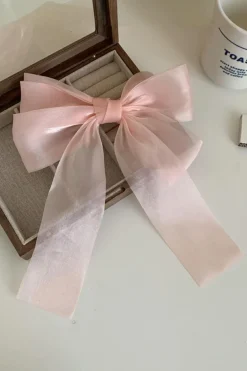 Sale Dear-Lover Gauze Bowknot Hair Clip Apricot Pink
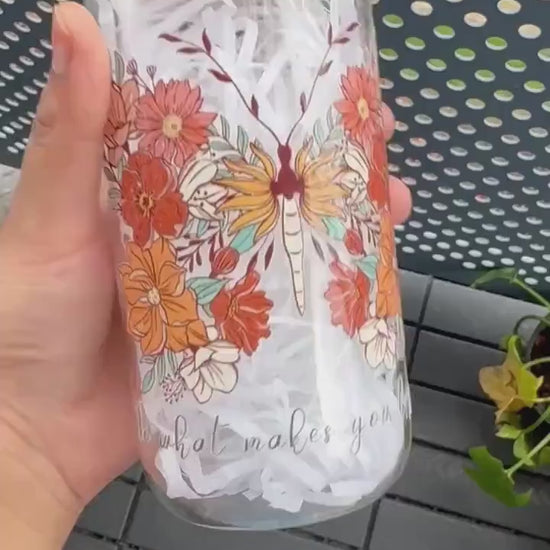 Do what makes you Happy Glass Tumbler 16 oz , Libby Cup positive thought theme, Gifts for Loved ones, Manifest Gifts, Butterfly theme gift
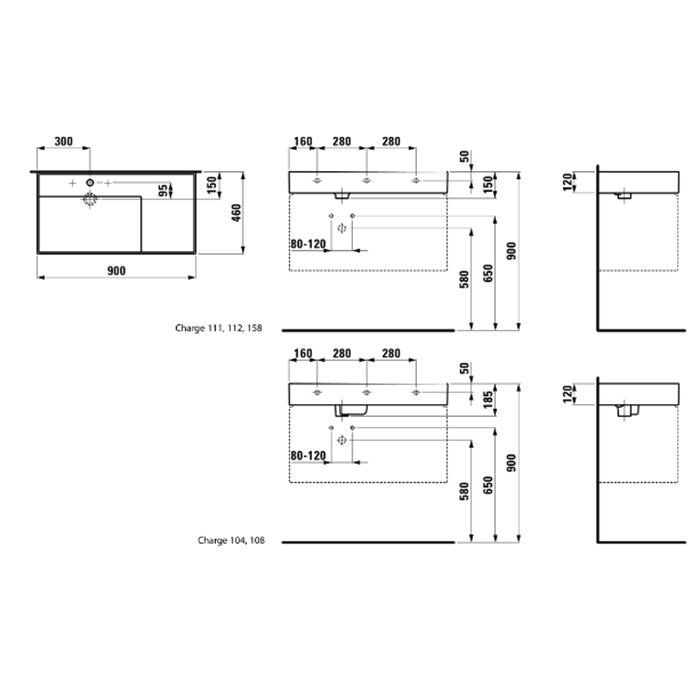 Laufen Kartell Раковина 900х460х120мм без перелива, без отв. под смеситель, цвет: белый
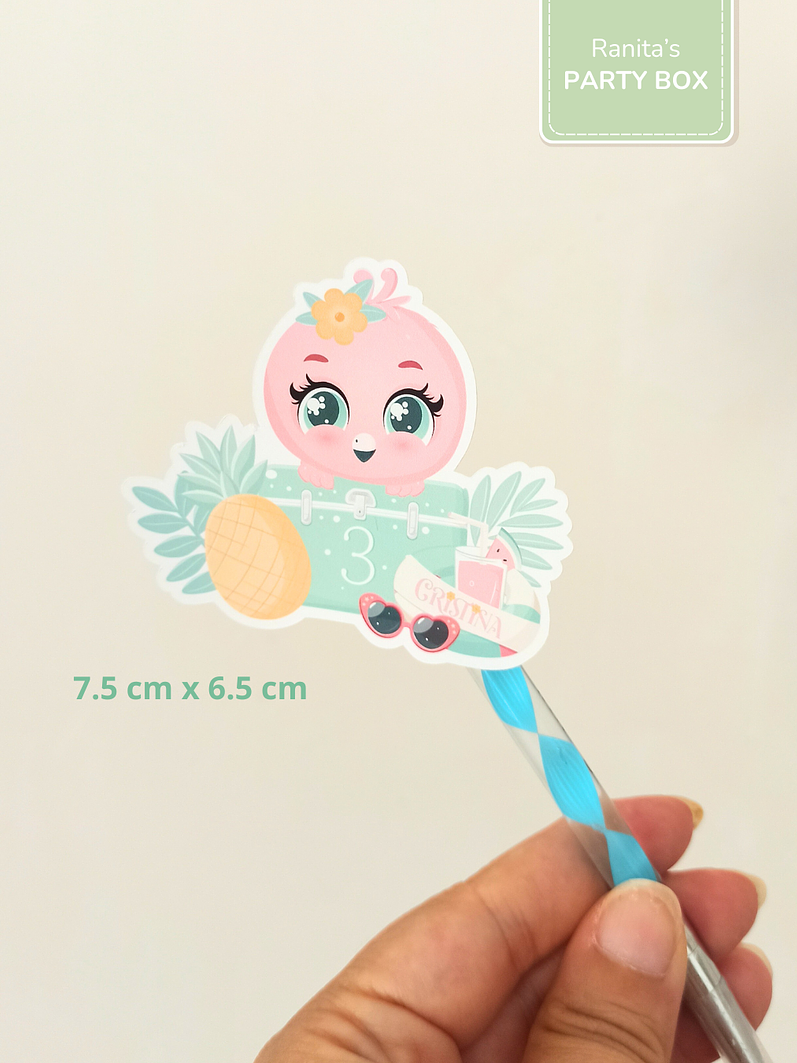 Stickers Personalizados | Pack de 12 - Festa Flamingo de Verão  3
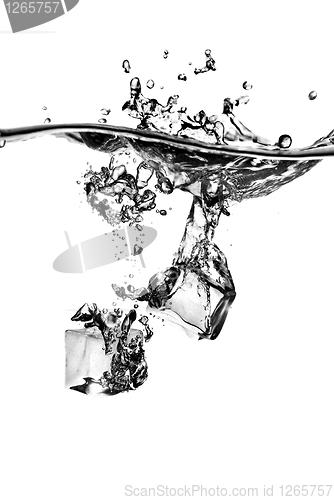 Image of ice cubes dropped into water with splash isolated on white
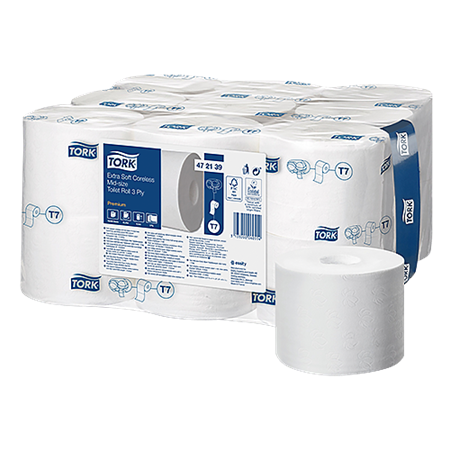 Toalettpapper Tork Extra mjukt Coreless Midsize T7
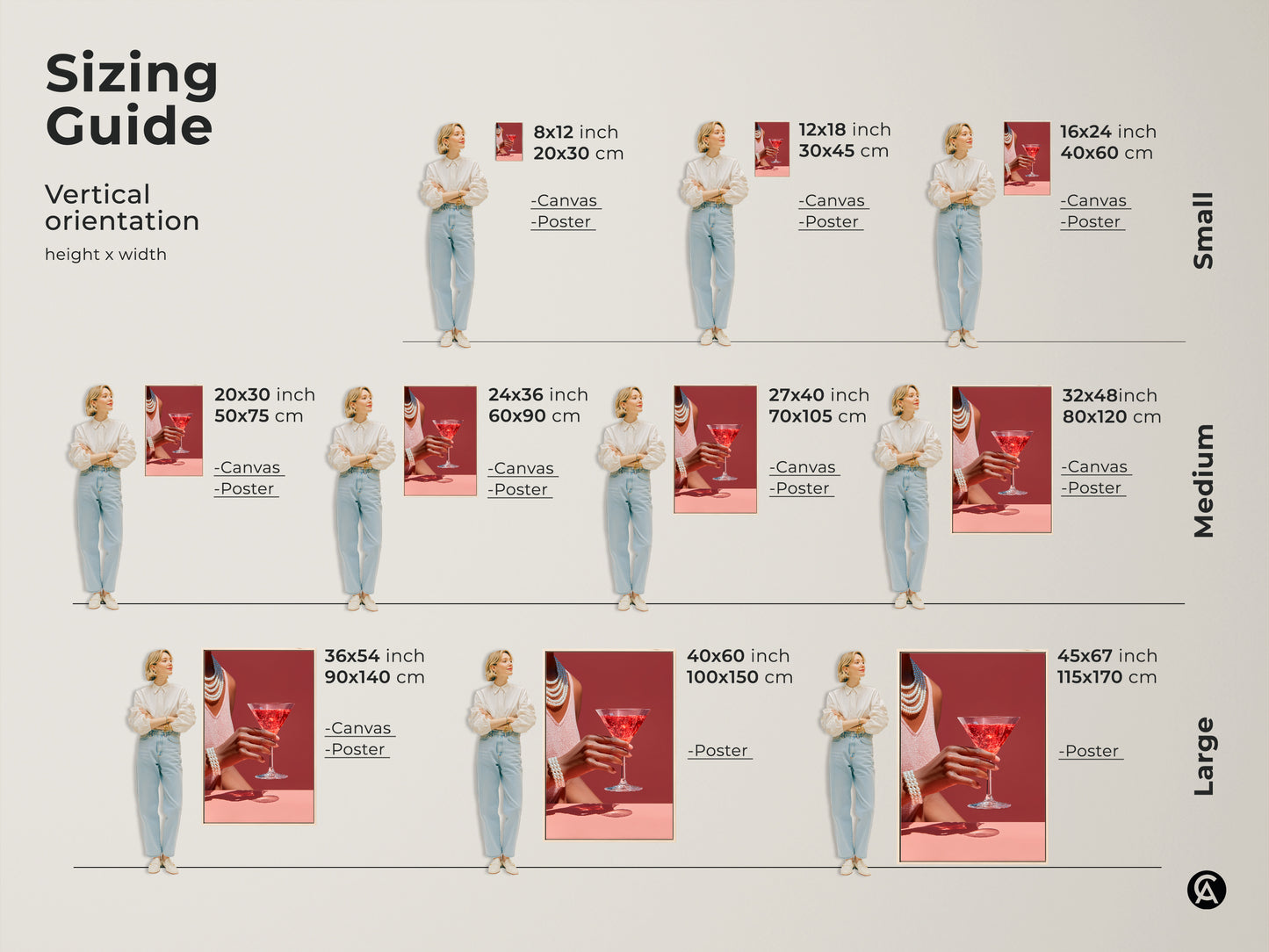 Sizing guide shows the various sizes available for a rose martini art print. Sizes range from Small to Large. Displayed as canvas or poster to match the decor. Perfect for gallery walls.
#####
What needs to be done:
All records must be output exactly as they are, except for the pictures, which are left out.

Result of this exercise:
 Sale Dear-Lover Gauze Bowknot Hair Clip Apricot Pink
 Do what makes you Happy Glass Tumbler 16 oz , Libby Cup positive thought theme, Gifts for Loved ones, Manifest Gifts, Butterfly theme gift
 Laufen Kartell Раковина 900х460х120мм без перелива, без отв. под смеситель, цвет: белый
 Stickers Personalizados | Pack de 12 - Festa Flamingo de Verão  3
 Image of ice cubes dropped into water with splash isolated on white
 Toalettpapper Tork Extra mjukt Coreless Midsize T7
 Sizing guide shows the various sizes available for a rose martini art print. Sizes range from Small to Large. Displayed as canvas or poster to match the decor. Perfect for gallery walls.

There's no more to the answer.